__PROBLEM DETAILS__. Without the pictures, restate all of the data below word for word.

__________

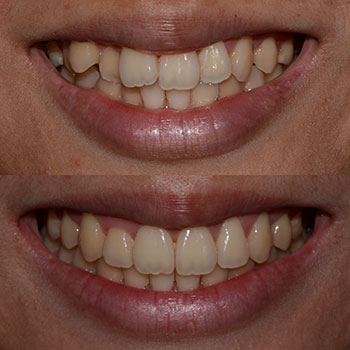 Invisalign with cosmetic recontouring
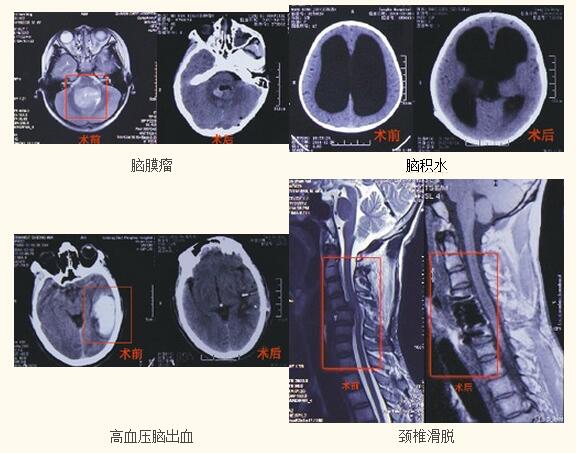 脑瘫手术的意义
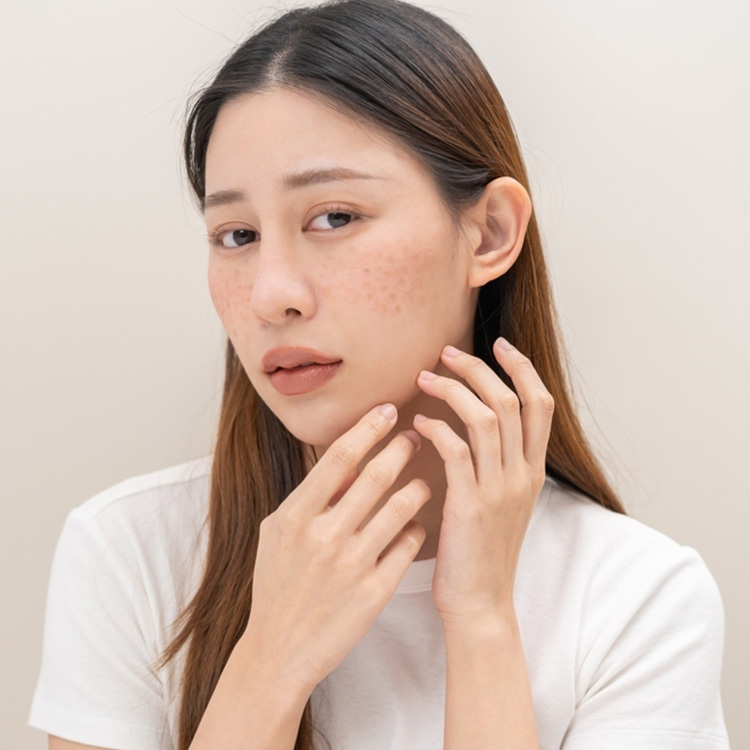 痘痘肌保養與改善怎麼做？4招抗痘方法讓粉刺痘遠離你！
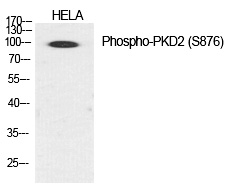 Rabbit Polyclonal Antibody to PKD2 (Phospho-Ser876)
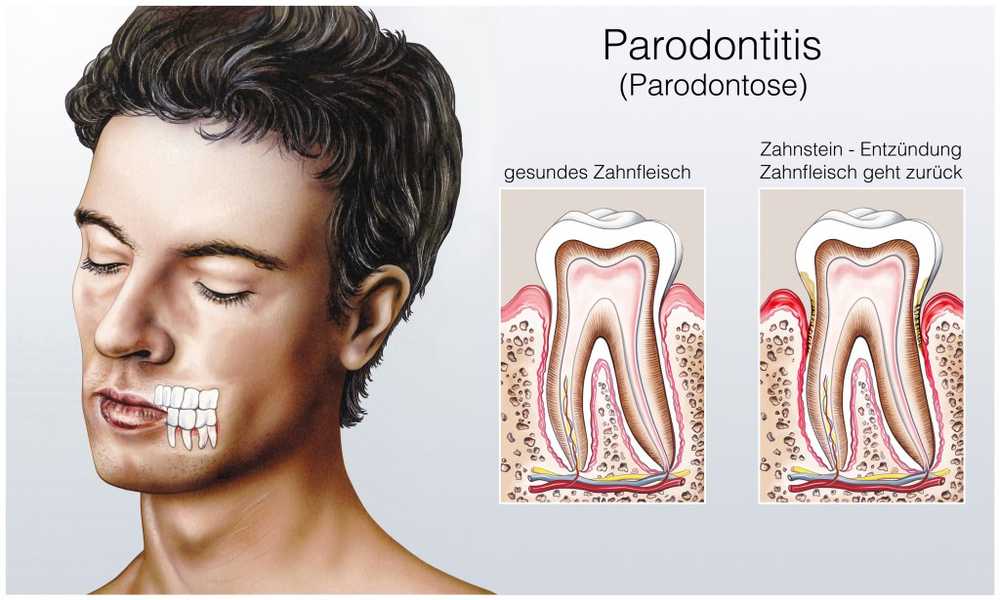 Gingivitis Roken verhoogt het risico op kiespijn / Gezondheid nieuws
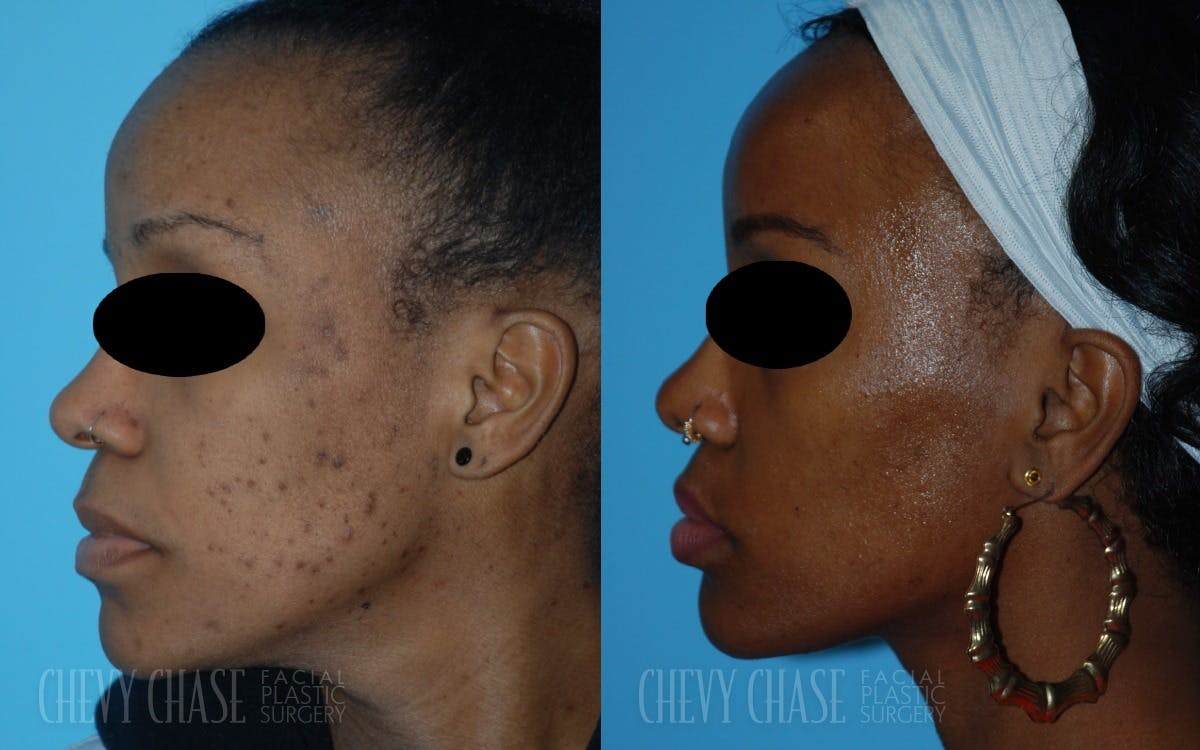 Aerolase Neo® Before & After Gallery - Patient 106387443 - Image 2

__________

__TASK SOLUTION__.
 Invisalign with cosmetic recontouring
 脑瘫手术的意义
 痘痘肌保養與改善怎麼做？4招抗痘方法讓粉刺痘遠離你！
 Rabbit Polyclonal Antibody to PKD2 (Phospho-Ser876)
 Gingivitis Roken verhoogt het risico op kiespijn / Gezondheid nieuws
 Aerolase Neo® Before & After Gallery - Patient 106387443 - Image 2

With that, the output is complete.